After the Big Bang, the acceleration of the universe slowed down—but then, about five million years ago, it began to speed up again. We can see this in the movement of galaxies over time. Illustration courtesy NASA.

How do we know dark energy is there?

At the end of the 20th century, multiple surveys of the universe came back with a result that astonished many scientists. Although the universe has been expanding ever since the Big Bang, it was thought the expansion should slow down over time, because of gravity pulling all the galaxies together.

But in reality, the universe currently appears to be expanding faster and faster. In 1998, two different teams of astronomers studying exploding stars called supernovae found that distant galaxies were not only moving away, but doing so faster over time. Since then, other studies—including measurements of the large-scale structure of the universe, of X-rays from galaxy clusters, and of the cosmic microwave background—have found the same result.

After the initial inflation of the Big Bang, the expansion of the universe began to gradually slow down, which allowed galaxies and stars to form. “Dark energy couldn't have become the dominant thing too early in the universe, because matter would not have been able to clump together to form galaxies and stars and planets—and us,” explained UChicago Prof. Joshua Frieman, who co-founded and led the Dark Energy Survey.

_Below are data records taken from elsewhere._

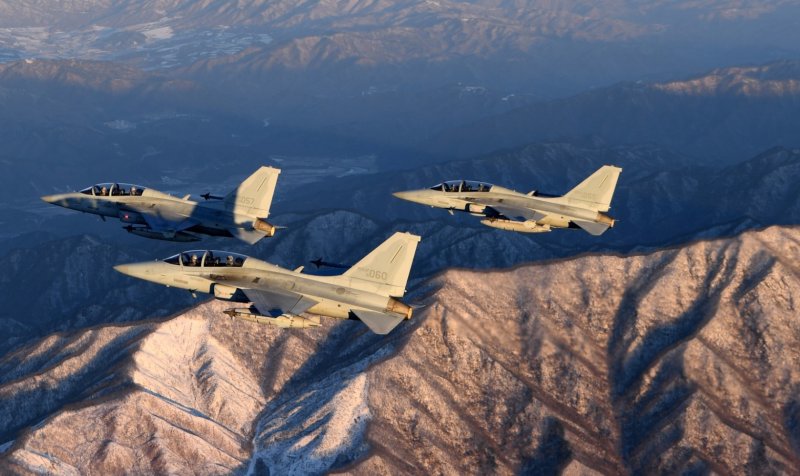 Истребитель fa-50 южнокорейский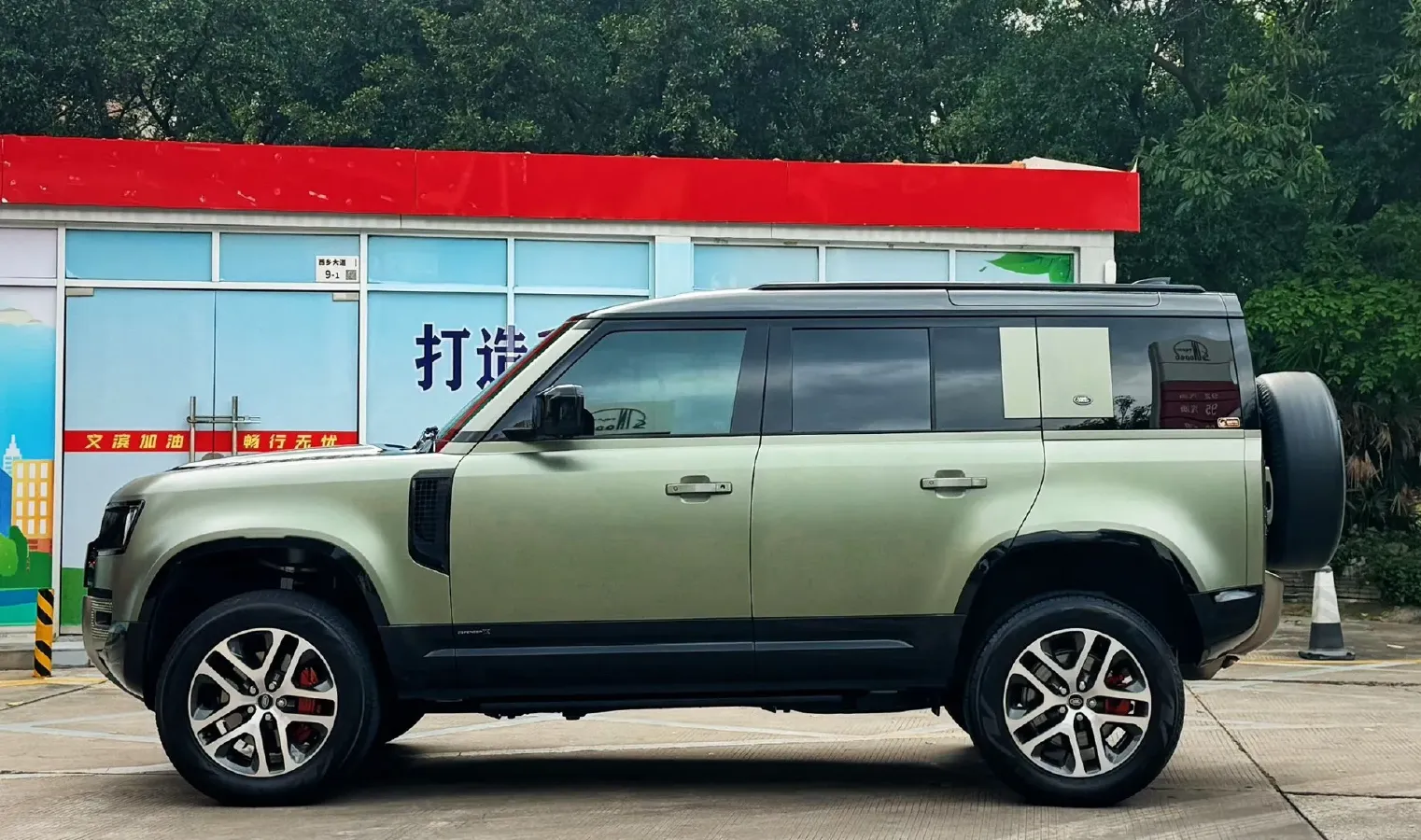 2022 Land Rover Defender 3.0T 400HP L6 8AT,autocango,china used car exporter,china ev exporter,chinese used car exporter,chinese used ev exporter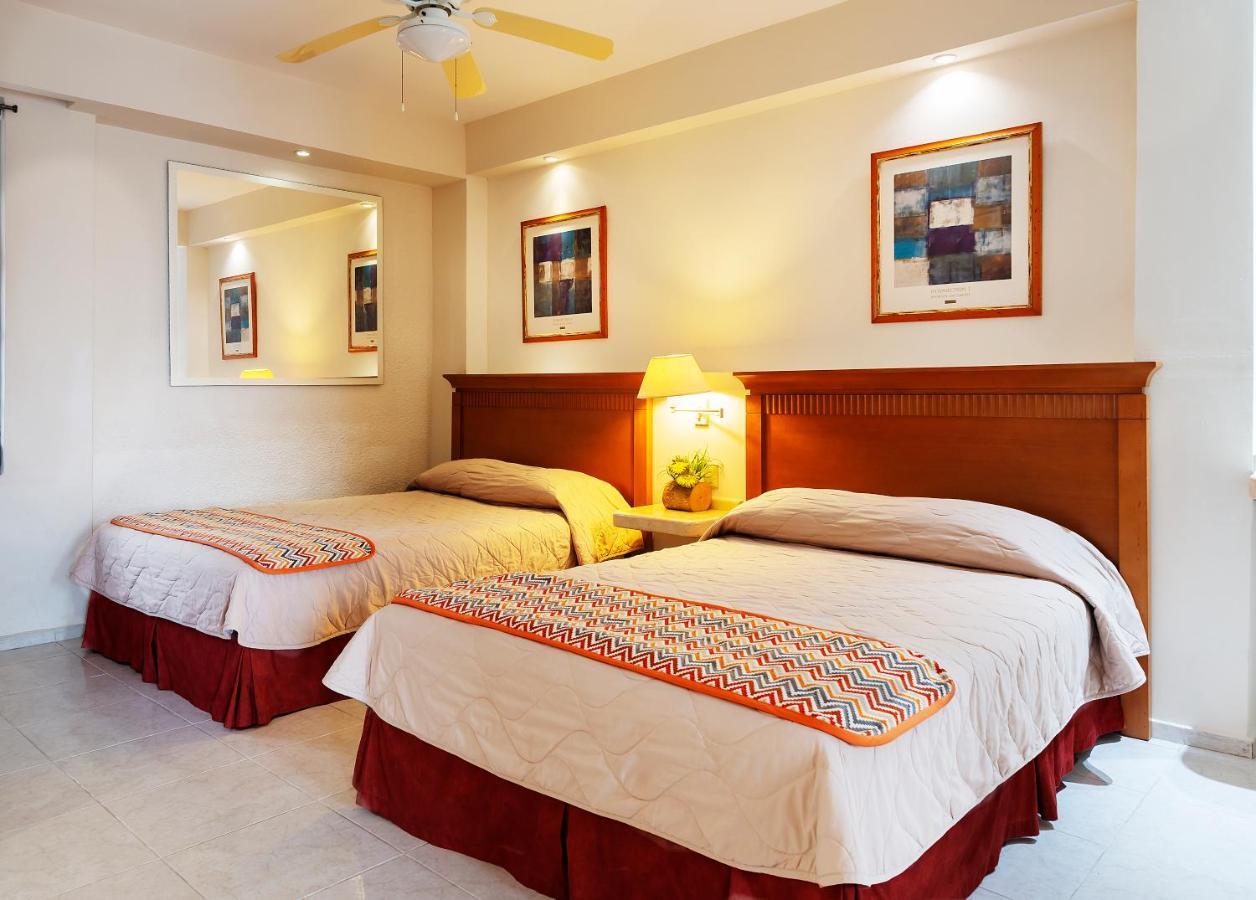 Hotel Y Suites Nader Канкун Екстер'єр фото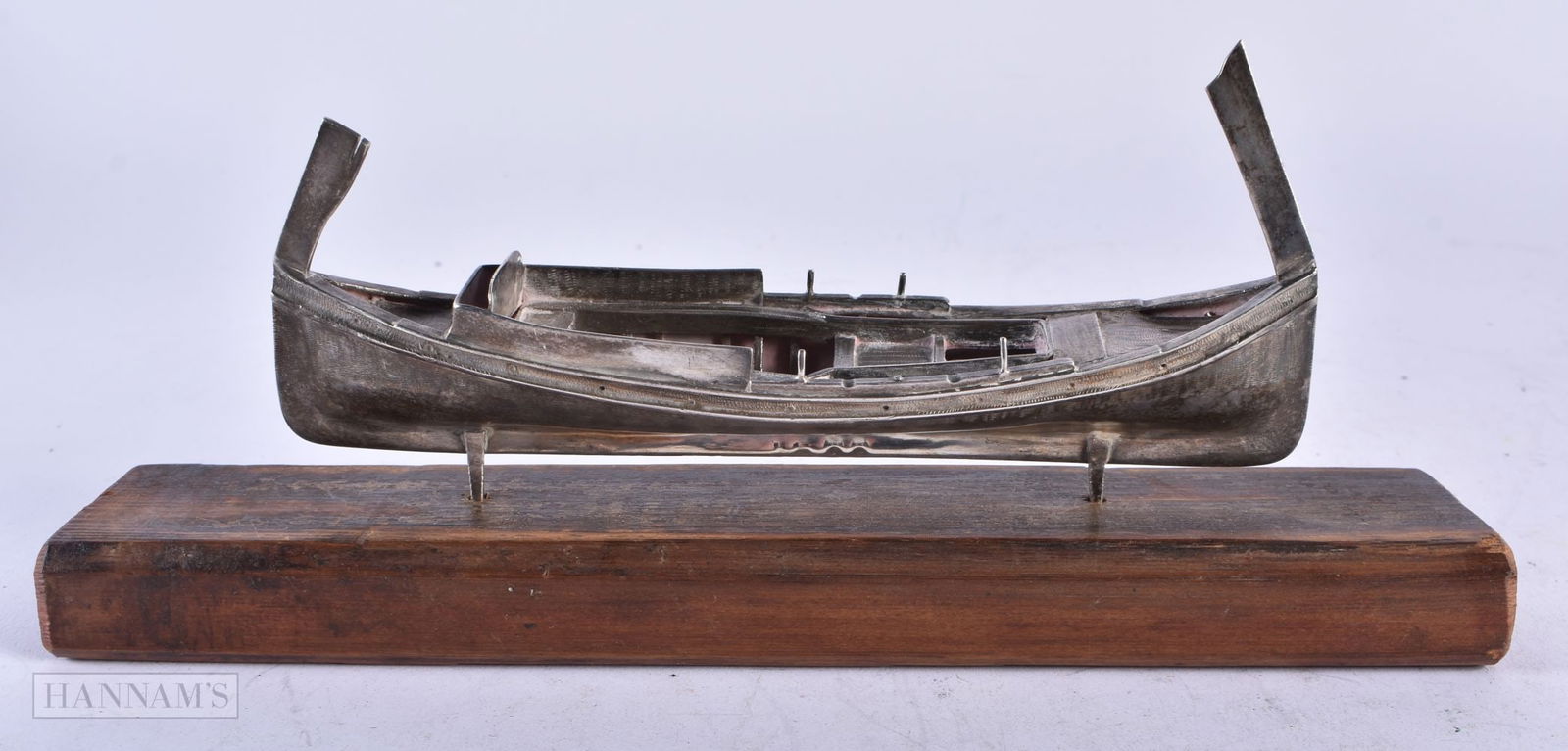 A MALTESE SILVER BOAT. Silver 120 grams. 22 cm wide. (1 of 4)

But then about five billion years ago, the expansion sped up again, and that’s what we see around us today.

Surprisingly, even though we can’t see dark energy and don’t know exactly what it is, we have a very good understanding of how much of it there is. Scientists can look at supernovae that exploded billions of years ago, and track how fast the galaxies they’re in are moving away to estimate how much the universe has sped up over time, which gives us a number for the amount of dark energy we need. As a cross-check, scientists can look at the light left over from the early years after the Big Bang and extrapolate forward to today based on what we know about the laws of the universe; the difference is how much dark energy there must be. That number is about 70% of all of the energy and matter in the universe.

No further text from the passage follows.